Perbandingan sumbangan dari orang agamis dan sekuler di AS lebih memperjelas peranan religious giving dalam skala nasional bisa dikatakan bahwa orang beragama yang jumlahnya 33% dari penduduk AS, berkontribusi sebesar 52 % dari sumbangan nasional. Sedangkan orang sekuler yang berjumlah 26%% dari populasi berkontribusi sebesar 13 % dari total dumbangan nasional. Adapun rata-rata sumbangan orang beragama adalah $2.210 pertahun, sedangkan rata-rata sumbangan orang sekuler adalah

$642 pertahun.[47]

 

Melihat Perkembangan Pengelolaan Zakat di Indonesia dari Masa ke Masa.

Jika menggali sejarah pengelolaan zakat di Indonesia maka akan kita temukan pola-pola yang cenderung berbeda dari masa-ke masa.

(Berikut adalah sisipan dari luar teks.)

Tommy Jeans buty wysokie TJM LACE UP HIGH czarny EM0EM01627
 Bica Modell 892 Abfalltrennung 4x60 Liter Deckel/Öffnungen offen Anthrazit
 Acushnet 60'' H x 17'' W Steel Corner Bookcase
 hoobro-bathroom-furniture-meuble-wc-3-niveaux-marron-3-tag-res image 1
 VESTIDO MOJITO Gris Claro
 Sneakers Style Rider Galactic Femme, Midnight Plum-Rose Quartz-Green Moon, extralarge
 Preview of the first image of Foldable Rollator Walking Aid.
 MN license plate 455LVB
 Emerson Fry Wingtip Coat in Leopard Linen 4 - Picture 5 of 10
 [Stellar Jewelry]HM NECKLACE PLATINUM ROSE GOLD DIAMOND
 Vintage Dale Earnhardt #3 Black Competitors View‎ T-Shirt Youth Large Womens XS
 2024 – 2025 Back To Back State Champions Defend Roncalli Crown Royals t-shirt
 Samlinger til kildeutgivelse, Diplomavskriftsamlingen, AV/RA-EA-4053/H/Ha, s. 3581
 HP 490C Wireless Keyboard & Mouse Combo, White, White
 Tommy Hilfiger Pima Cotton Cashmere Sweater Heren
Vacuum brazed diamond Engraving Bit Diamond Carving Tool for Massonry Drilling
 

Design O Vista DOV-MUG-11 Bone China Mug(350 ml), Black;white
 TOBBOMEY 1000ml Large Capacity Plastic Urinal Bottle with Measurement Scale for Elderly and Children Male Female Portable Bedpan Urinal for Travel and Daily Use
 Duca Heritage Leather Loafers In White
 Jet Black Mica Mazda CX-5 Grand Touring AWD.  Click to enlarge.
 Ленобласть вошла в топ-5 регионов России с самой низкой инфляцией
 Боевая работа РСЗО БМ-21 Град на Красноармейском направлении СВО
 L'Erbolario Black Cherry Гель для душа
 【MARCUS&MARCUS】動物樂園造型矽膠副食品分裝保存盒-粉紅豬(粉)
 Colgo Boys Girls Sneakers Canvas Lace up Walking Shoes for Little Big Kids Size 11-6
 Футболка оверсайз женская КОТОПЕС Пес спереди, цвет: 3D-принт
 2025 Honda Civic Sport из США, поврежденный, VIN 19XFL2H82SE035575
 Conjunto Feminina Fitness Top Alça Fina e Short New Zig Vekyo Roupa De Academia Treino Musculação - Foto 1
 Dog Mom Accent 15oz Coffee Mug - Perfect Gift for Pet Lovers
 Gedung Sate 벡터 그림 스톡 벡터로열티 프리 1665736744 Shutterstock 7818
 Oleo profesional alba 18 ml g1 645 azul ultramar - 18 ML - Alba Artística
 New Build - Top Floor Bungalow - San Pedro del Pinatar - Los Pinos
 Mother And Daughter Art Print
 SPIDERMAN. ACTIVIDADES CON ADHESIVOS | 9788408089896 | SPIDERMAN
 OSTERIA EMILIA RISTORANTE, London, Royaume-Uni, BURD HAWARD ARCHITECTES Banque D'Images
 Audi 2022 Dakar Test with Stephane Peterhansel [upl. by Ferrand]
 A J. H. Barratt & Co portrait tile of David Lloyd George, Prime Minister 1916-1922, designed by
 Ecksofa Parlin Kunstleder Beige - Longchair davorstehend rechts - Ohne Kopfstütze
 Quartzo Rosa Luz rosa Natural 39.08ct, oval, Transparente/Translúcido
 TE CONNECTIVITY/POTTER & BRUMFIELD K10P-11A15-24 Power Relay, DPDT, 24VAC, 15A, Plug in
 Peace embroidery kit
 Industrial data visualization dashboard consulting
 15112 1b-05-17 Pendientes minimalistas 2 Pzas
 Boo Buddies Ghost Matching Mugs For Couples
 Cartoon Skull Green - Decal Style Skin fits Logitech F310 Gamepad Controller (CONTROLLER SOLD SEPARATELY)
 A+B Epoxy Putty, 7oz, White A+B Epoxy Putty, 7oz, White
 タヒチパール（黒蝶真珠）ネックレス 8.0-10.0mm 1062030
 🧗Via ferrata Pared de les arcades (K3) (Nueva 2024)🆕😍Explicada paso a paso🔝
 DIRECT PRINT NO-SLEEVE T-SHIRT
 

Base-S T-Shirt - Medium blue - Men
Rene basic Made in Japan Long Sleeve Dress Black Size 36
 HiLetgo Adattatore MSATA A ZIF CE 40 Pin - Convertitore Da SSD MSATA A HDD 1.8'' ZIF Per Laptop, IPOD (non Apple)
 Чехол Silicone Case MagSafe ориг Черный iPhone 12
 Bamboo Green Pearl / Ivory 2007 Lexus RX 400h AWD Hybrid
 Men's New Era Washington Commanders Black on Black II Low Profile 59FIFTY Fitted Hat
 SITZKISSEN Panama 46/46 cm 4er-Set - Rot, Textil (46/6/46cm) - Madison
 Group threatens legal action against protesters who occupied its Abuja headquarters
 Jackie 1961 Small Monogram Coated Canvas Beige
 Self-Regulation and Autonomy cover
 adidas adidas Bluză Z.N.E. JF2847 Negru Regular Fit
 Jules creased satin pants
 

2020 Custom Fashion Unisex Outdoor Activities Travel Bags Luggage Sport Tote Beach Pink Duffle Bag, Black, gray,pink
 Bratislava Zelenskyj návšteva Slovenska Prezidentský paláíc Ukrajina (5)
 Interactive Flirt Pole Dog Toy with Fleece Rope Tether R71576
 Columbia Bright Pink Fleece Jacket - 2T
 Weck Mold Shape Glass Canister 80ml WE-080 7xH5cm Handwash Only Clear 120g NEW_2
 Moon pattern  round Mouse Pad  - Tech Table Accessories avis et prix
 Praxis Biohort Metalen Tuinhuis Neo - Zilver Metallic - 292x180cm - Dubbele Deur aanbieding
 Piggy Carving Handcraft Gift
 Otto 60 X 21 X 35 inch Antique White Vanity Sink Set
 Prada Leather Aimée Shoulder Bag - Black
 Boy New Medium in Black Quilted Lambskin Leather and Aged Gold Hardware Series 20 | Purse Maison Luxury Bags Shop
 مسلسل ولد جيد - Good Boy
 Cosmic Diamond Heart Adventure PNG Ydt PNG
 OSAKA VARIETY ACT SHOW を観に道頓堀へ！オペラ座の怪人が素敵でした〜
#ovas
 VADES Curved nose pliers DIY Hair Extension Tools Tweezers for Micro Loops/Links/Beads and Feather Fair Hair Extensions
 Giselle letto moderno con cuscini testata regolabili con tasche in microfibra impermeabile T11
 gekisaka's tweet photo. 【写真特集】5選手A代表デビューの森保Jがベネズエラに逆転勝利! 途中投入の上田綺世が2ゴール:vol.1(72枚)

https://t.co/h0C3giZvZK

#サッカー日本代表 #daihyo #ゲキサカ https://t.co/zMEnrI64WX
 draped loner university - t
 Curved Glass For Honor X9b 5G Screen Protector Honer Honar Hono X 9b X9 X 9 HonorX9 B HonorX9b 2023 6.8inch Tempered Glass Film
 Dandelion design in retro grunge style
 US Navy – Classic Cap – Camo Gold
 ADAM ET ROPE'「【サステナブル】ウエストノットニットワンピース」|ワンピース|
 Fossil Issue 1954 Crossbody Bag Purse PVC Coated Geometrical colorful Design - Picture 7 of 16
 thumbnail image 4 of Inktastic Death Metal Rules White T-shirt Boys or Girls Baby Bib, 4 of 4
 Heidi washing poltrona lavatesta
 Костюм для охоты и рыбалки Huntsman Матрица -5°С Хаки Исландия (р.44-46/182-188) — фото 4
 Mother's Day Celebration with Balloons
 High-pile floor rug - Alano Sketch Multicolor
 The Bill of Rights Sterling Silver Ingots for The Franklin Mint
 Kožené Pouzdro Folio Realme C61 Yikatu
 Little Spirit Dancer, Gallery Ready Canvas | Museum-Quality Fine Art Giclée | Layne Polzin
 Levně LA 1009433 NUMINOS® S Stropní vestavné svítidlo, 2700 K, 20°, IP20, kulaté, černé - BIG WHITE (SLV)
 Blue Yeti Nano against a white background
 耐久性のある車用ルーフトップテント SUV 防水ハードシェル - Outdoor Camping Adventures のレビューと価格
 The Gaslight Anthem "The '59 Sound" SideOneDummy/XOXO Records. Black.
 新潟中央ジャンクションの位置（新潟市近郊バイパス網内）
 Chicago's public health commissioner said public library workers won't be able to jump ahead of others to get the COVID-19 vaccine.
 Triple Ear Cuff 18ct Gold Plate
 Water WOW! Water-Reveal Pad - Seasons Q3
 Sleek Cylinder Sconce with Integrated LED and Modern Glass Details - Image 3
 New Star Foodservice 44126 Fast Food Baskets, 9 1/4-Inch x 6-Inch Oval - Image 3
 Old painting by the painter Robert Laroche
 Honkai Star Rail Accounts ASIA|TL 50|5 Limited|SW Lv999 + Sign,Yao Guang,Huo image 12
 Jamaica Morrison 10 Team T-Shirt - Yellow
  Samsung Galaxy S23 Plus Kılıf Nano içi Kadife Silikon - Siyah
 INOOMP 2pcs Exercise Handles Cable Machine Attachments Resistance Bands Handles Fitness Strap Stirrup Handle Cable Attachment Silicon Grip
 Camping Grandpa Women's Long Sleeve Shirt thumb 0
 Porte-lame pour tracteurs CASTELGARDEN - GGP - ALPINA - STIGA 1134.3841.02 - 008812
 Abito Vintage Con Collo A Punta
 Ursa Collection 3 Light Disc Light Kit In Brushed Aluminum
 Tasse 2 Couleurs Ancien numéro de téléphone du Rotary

Pada masa Kolonial, pengelolaan ini diserahkan pada masyarakat, negara kolonial menghindari campur tangan. Dengan berkembangnya pesantren, madrasah, dan organisasi civil society Islam, zakat dan sadaqah masyarakat berkembang dengan sendirinya. Zakat dan sadaqah memberi sumbangan besar untuk kemerdekaan Republik Indonesia pada zaman kemerdekaan, misalnya di Aceh, di Pulau Jawa, dan beberapa daerah lainnya.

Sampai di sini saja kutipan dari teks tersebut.